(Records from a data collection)
Segment Open

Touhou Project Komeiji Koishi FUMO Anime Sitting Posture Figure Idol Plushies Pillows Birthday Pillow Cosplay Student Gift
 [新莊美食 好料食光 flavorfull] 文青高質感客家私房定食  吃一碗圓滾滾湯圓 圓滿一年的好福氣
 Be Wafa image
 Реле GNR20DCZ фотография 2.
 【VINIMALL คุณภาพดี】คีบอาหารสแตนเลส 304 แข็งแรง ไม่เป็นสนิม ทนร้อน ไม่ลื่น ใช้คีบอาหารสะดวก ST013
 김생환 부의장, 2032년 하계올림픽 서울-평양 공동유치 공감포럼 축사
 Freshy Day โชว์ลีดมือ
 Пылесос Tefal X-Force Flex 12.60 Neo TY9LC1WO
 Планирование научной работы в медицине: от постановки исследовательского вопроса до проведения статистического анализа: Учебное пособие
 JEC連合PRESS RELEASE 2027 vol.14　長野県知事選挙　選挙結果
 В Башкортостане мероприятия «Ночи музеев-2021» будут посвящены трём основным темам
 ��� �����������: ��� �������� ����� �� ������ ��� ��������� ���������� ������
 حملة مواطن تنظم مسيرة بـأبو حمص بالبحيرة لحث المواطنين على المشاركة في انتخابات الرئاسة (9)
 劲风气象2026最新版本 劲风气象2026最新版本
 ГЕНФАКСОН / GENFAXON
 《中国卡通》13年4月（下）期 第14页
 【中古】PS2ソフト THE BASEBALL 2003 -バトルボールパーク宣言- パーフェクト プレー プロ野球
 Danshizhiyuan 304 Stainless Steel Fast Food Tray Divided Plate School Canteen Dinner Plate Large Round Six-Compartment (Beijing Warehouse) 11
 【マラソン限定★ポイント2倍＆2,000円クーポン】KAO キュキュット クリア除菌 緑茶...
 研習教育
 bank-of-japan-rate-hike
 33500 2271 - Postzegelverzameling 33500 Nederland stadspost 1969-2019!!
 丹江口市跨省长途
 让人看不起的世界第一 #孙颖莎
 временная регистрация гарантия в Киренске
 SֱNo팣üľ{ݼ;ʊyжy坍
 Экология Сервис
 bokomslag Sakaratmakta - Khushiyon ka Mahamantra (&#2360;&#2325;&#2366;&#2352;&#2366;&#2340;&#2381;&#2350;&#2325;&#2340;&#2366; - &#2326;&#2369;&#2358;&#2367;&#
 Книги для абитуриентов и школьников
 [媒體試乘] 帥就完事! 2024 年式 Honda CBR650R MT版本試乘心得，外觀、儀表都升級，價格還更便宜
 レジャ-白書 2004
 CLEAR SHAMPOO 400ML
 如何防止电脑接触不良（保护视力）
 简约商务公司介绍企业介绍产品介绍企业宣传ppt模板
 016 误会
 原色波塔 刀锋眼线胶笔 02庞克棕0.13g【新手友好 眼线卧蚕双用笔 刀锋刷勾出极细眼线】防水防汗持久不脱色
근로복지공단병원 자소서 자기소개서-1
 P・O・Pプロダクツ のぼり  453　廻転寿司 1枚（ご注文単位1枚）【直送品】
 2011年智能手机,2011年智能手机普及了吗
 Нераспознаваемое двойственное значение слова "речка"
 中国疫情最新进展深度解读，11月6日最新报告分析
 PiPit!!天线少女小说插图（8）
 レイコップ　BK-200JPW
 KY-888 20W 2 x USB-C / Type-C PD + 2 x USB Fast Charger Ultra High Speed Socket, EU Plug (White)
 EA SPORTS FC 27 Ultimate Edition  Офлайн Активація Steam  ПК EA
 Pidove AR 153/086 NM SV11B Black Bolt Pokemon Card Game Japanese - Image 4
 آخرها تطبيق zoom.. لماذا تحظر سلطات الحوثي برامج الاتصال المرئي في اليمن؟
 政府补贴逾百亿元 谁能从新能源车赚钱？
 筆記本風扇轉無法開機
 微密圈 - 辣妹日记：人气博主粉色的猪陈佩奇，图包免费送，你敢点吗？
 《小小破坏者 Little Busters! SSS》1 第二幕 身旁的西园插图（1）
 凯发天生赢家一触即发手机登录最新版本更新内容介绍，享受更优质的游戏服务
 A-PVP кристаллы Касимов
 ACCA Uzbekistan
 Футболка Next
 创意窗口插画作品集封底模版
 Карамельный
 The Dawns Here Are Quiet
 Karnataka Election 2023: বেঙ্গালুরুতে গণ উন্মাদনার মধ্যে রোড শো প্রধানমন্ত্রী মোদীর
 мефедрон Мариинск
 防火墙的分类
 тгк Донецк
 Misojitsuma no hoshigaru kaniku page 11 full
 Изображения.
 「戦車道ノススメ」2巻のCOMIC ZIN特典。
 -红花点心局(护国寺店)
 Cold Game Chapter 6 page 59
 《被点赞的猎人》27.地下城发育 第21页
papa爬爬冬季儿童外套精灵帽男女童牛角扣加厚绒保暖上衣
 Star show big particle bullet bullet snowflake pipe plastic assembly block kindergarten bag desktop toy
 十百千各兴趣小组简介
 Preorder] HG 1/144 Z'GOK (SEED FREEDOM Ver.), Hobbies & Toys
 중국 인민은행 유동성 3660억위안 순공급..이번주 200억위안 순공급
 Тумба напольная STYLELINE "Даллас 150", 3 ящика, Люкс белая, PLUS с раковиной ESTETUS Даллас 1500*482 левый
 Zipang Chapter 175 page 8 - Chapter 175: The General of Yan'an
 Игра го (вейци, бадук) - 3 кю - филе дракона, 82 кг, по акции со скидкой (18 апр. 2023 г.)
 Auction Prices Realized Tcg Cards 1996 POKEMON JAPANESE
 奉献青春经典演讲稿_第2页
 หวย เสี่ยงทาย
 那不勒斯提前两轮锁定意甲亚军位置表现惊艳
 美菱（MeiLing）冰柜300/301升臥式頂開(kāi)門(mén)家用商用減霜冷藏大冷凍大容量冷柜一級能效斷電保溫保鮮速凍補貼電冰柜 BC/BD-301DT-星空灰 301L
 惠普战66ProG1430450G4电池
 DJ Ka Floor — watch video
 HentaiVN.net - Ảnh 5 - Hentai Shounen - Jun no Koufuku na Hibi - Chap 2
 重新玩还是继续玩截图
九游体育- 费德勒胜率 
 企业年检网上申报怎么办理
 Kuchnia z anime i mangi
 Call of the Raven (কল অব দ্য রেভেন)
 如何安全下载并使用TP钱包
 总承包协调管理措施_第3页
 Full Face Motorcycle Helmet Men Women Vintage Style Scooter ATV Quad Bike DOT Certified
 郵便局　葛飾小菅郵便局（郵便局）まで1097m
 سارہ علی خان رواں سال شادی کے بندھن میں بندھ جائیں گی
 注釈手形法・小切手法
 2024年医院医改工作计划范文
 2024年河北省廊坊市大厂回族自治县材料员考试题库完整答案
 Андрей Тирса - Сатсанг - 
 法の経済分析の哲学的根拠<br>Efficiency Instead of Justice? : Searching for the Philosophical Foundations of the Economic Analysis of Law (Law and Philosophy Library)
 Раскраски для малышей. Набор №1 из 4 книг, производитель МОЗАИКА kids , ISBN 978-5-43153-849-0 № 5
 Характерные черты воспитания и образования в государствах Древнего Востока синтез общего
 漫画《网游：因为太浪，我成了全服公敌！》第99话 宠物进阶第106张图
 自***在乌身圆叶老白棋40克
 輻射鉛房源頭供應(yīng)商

Segment Closed

*Requirement*: All of the entries must be given again, word for word.

*Completed task*:
Touhou Project Komeiji Koishi FUMO Anime Sitting Posture Figure Idol Plushies Pillows Birthday Pillow Cosplay Student Gift
 [新莊美食 好料食光 flavorfull] 文青高質感客家私房定食  吃一碗圓滾滾湯圓 圓滿一年的好福氣
 Be Wafa image
 Реле GNR20DCZ фотография 2.
 【VINIMALL คุณภาพดี】คีบอาหารสแตนเลส 304 แข็งแรง ไม่เป็นสนิม ทนร้อน ไม่ลื่น ใช้คีบอาหารสะดวก ST013
 김생환 부의장, 2032년 하계올림픽 서울-평양 공동유치 공감포럼 축사
 Freshy Day โชว์ลีดมือ
 Пылесос Tefal X-Force Flex 12.60 Neo TY9LC1WO
 Планирование научной работы в медицине: от постановки исследовательского вопроса до проведения статистического анализа: Учебное пособие
 JEC連合PRESS RELEASE 2027 vol.14　長野県知事選挙　選挙結果
 В Башкортостане мероприятия «Ночи музеев-2021» будут посвящены трём основным темам
 ��� �����������: ��� �������� ����� �� ������ ��� ��������� ���������� ������
 حملة مواطن تنظم مسيرة بـأبو حمص بالبحيرة لحث المواطنين على المشاركة في انتخابات الرئاسة (9)
 劲风气象2026最新版本 劲风气象2026最新版本
 ГЕНФАКСОН / GENFAXON
 《中国卡通》13年4月（下）期 第14页
 【中古】PS2ソフト THE BASEBALL 2003 -バトルボールパーク宣言- パーフェクト プレー プロ野球
 Danshizhiyuan 304 Stainless Steel Fast Food Tray Divided Plate School Canteen Dinner Plate Large Round Six-Compartment (Beijing Warehouse) 11
 【マラソン限定★ポイント2倍＆2,000円クーポン】KAO キュキュット クリア除菌 緑茶...
 研習教育
 bank-of-japan-rate-hike
 33500 2271 - Postzegelverzameling 33500 Nederland stadspost 1969-2019!!
 丹江口市跨省长途
 让人看不起的世界第一 #孙颖莎
 временная регистрация гарантия в Киренске
 SֱNo팣üľ{ݼ;ʊyжy坍
 Экология Сервис
 bokomslag Sakaratmakta - Khushiyon ka Mahamantra (&#2360;&#2325;&#2366;&#2352;&#2366;&#2340;&#2381;&#2350;&#2325;&#2340;&#2366; - &#2326;&#2369;&#2358;&#2367;&#
 Книги для абитуриентов и школьников
 [媒體試乘] 帥就完事! 2024 年式 Honda CBR650R MT版本試乘心得，外觀、儀表都升級，價格還更便宜
 レジャ-白書 2004
 CLEAR SHAMPOO 400ML
 如何防止电脑接触不良（保护视力）
 简约商务公司介绍企业介绍产品介绍企业宣传ppt模板
 016 误会
 原色波塔 刀锋眼线胶笔 02庞克棕0.13g【新手友好 眼线卧蚕双用笔 刀锋刷勾出极细眼线】防水防汗持久不脱色
근로복지공단병원 자소서 자기소개서-1
 P・O・Pプロダクツ のぼり  453　廻転寿司 1枚（ご注文単位1枚）【直送品】
 2011年智能手机,2011年智能手机普及了吗
 Нераспознаваемое двойственное значение слова "речка"
 中国疫情最新进展深度解读，11月6日最新报告分析
 PiPit!!天线少女小说插图（8）
 レイコップ　BK-200JPW
 KY-888 20W 2 x USB-C / Type-C PD + 2 x USB Fast Charger Ultra High Speed Socket, EU Plug (White)
 EA SPORTS FC 27 Ultimate Edition  Офлайн Активація Steam  ПК EA
 Pidove AR 153/086 NM SV11B Black Bolt Pokemon Card Game Japanese - Image 4
 آخرها تطبيق zoom.. لماذا تحظر سلطات الحوثي برامج الاتصال المرئي في اليمن؟
 政府补贴逾百亿元 谁能从新能源车赚钱？
 筆記本風扇轉無法開機
 微密圈 - 辣妹日记：人气博主粉色的猪陈佩奇，图包免费送，你敢点吗？
 《小小破坏者 Little Busters! SSS》1 第二幕 身旁的西园插图（1）
 凯发天生赢家一触即发手机登录最新版本更新内容介绍，享受更优质的游戏服务
 A-PVP кристаллы Касимов
 ACCA Uzbekistan
 Футболка Next
 创意窗口插画作品集封底模版
 Карамельный
 The Dawns Here Are Quiet
 Karnataka Election 2023: বেঙ্গালুরুতে গণ উন্মাদনার মধ্যে রোড শো প্রধানমন্ত্রী মোদীর
 мефедрон Мариинск
 防火墙的分类
 тгк Донецк
 Misojitsuma no hoshigaru kaniku page 11 full
 Изображения.
 「戦車道ノススメ」2巻のCOMIC ZIN特典。
 -红花点心局(护国寺店)
 Cold Game Chapter 6 page 59
 《被点赞的猎人》27.地下城发育 第21页
papa爬爬冬季儿童外套精灵帽男女童牛角扣加厚绒保暖上衣
 Star show big particle bullet bullet snowflake pipe plastic assembly block kindergarten bag desktop toy
 十百千各兴趣小组简介
 Preorder] HG 1/144 Z'GOK (SEED FREEDOM Ver.), Hobbies & Toys
 중국 인민은행 유동성 3660억위안 순공급..이번주 200억위안 순공급
 Тумба напольная STYLELINE "Даллас 150", 3 ящика, Люкс белая, PLUS с раковиной ESTETUS Даллас 1500*482 левый
 Zipang Chapter 175 page 8 - Chapter 175: The General of Yan'an
 Игра го (вейци, бадук) - 3 кю - филе дракона, 82 кг, по акции со скидкой (18 апр. 2023 г.)
 Auction Prices Realized Tcg Cards 1996 POKEMON JAPANESE
 奉献青春经典演讲稿_第2页
 หวย เสี่ยงทาย
 那不勒斯提前两轮锁定意甲亚军位置表现惊艳
 美菱（MeiLing）冰柜300/301升臥式頂開(kāi)門(mén)家用商用減霜冷藏大冷凍大容量冷柜一級能效斷電保溫保鮮速凍補貼電冰柜 BC/BD-301DT-星空灰 301L
 惠普战66ProG1430450G4电池
 DJ Ka Floor — watch video
 HentaiVN.net - Ảnh 5 - Hentai Shounen - Jun no Koufuku na Hibi - Chap 2
 重新玩还是继续玩截图
九游体育- 费德勒胜率 
 企业年检网上申报怎么办理
 Kuchnia z anime i mangi
 Call of the Raven (কল অব দ্য রেভেন)
 如何安全下载并使用TP钱包
 总承包协调管理措施_第3页
 Full Face Motorcycle Helmet Men Women Vintage Style Scooter ATV Quad Bike DOT Certified
 郵便局　葛飾小菅郵便局（郵便局）まで1097m
 سارہ علی خان رواں سال شادی کے بندھن میں بندھ جائیں گی
 注釈手形法・小切手法
 2024年医院医改工作计划范文
 2024年河北省廊坊市大厂回族自治县材料员考试题库完整答案
 Андрей Тирса - Сатсанг - 
 法の経済分析の哲学的根拠<br>Efficiency Instead of Justice? : Searching for the Philosophical Foundations of the Economic Analysis of Law (Law and Philosophy Library)
 Раскраски для малышей. Набор №1 из 4 книг, производитель МОЗАИКА kids , ISBN 978-5-43153-849-0 № 5
 Характерные черты воспитания и образования в государствах Древнего Востока синтез общего
 漫画《网游：因为太浪，我成了全服公敌！》第99话 宠物进阶第106张图
 自***在乌身圆叶老白棋40克
 輻射鉛房源頭供應(yīng)商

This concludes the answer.